TASK DIRECTIONS
Set down every entry again, exactly as it appears.

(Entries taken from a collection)
★ ★ ★ ★

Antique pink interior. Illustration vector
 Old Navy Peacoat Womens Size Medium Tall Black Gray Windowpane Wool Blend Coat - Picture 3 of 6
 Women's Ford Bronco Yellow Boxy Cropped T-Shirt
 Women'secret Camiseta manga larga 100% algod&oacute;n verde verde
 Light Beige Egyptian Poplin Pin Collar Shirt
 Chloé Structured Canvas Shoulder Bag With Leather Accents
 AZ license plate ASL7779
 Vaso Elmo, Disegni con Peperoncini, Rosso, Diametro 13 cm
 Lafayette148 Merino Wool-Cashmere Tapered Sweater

★ ★ ★ ★

ANSWER SECTION
Antique pink interior. Illustration vector
 Old Navy Peacoat Womens Size Medium Tall Black Gray Windowpane Wool Blend Coat - Picture 3 of 6
 Women's Ford Bronco Yellow Boxy Cropped T-Shirt
 Women'secret Camiseta manga larga 100% algod&oacute;n verde verde
 Light Beige Egyptian Poplin Pin Collar Shirt
 Chloé Structured Canvas Shoulder Bag With Leather Accents
 AZ license plate ASL7779
 Vaso Elmo, Disegni con Peperoncini, Rosso, Diametro 13 cm
 Lafayette148 Merino Wool-Cashmere Tapered Sweater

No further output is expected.